January 15, 2014 Georgia Tech in partnership with AT&T and Udacity launched the first massive online degree program (MODP).The first cohort of 375 students enrolled in the Master of Science in Computer Science program will pay less than $7,000 for a graduate degree, compared to $45,000 for on-campus students.
It is important at the outset of planning to recognize these and other profound changes occurring in the global learning ecosystem. The shift from print-based to digital information, ubiquitous networking, social interaction systems, cloud-based learning management systems, massive digitization of the world’s knowledge resources and the emergence of new business models (i.e. Western Governors University and Georgia Techs Masters degree). These fundamental shifts require an organizational learning initiative to bring into focus the full impact of them on the higher education enterprise of the future. This post is by no means an exhaustive review of the evidence of a paradigm shift that has already occurred. It is planning reference point to signal significant environmental events that change the evolutionary course of education.
Strategy One: Change the Paradigm
The first strategy in our prototype strategic plan is, therefore, Change the Paradigm. To survive and flourish an institution must recognize the paradigm shift and adjust to meet the new demands required by the emerging global digital learning environment. This strategy requires that an institution reconcile its mission and vision with the emerging new context. This does not mean abandoning the strengths of the current model but instead contextualizing and connecting to a digital future. Much must be considered in the process of adapting to the new paradigm. Below is an outline of the beginning of the path forward and few goals one might consider in the process of planning.

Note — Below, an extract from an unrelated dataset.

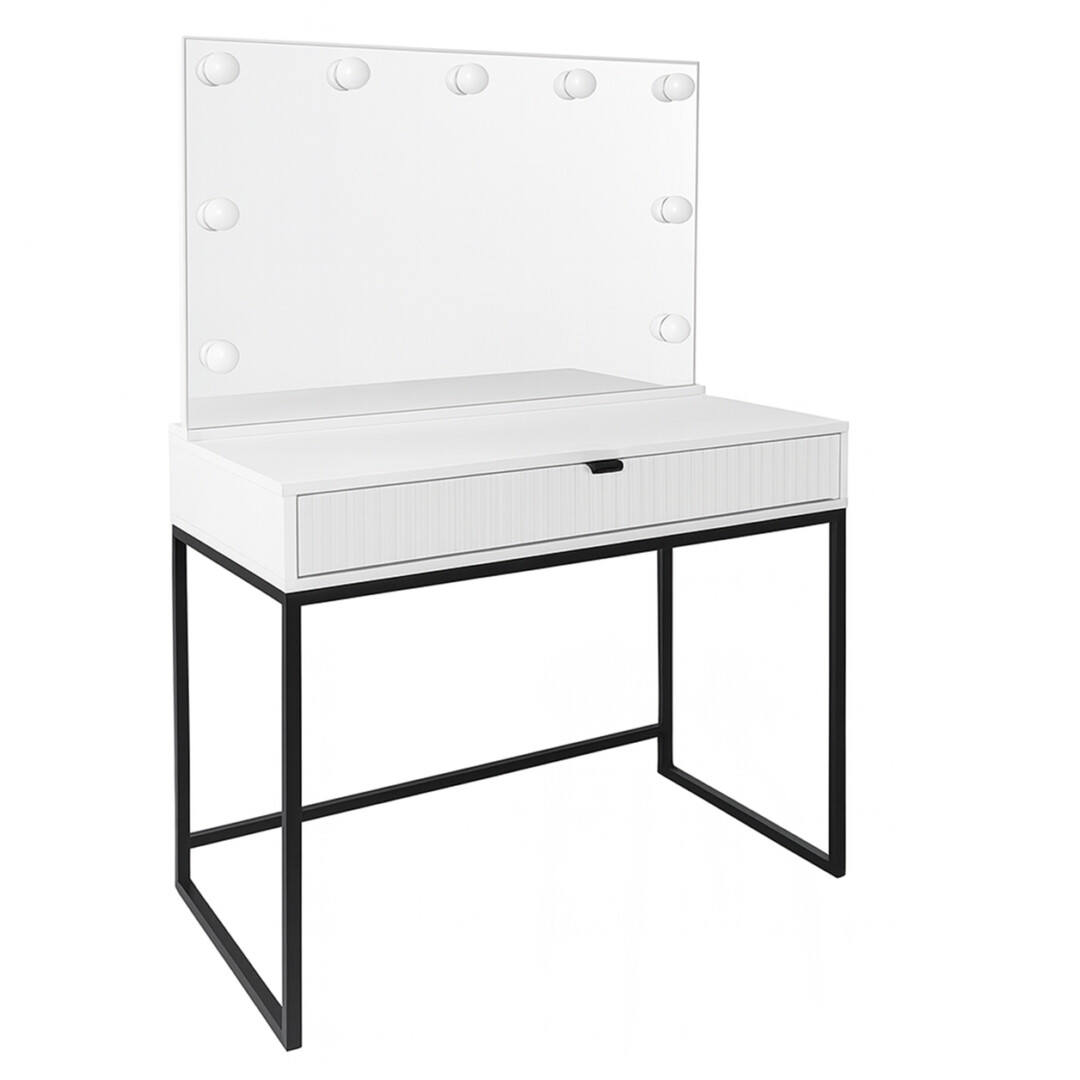 Toaletka ryflowana 92 cm lustro LED (biała)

- Understand the emerging dynamics of the Learning Age
- Understand the magnitude of change that is occurring with the transition from a physical learning ecosystem to a digital learning ecosystem
- Understand the fiscal challenges facing global societies and the challenge of developing sustainable systems
- Understand the emerging body of knowledge about learning and incorporate that knowledge into future design
- Build a deeply informed academic and administrative leadership team
- Build an academic and administrative culture that aligns with the dynamics of the Learning Age
- Assess your current strategic position compared to the emerging future dynamics of the global learning sphere
- Map the gaps between your current strategies and the emerging realities of the Learning Age
Build an academic culture and enterprise that is aligned with and is of high value to learning age societies.
- Recognizes that curriculum is more than an internet of things and conceptualizes an architecture that conveys curriculums true value designed to meet the needs of 21st century learners.
- Reorient the academic enterprise to the challenges and opportunities presented by the lifelong learning needs of a diverse global population.
- Create a more manageable, more granular curriculum to enable closer alignment with the emerging form and function of the emerging global digital learning environment.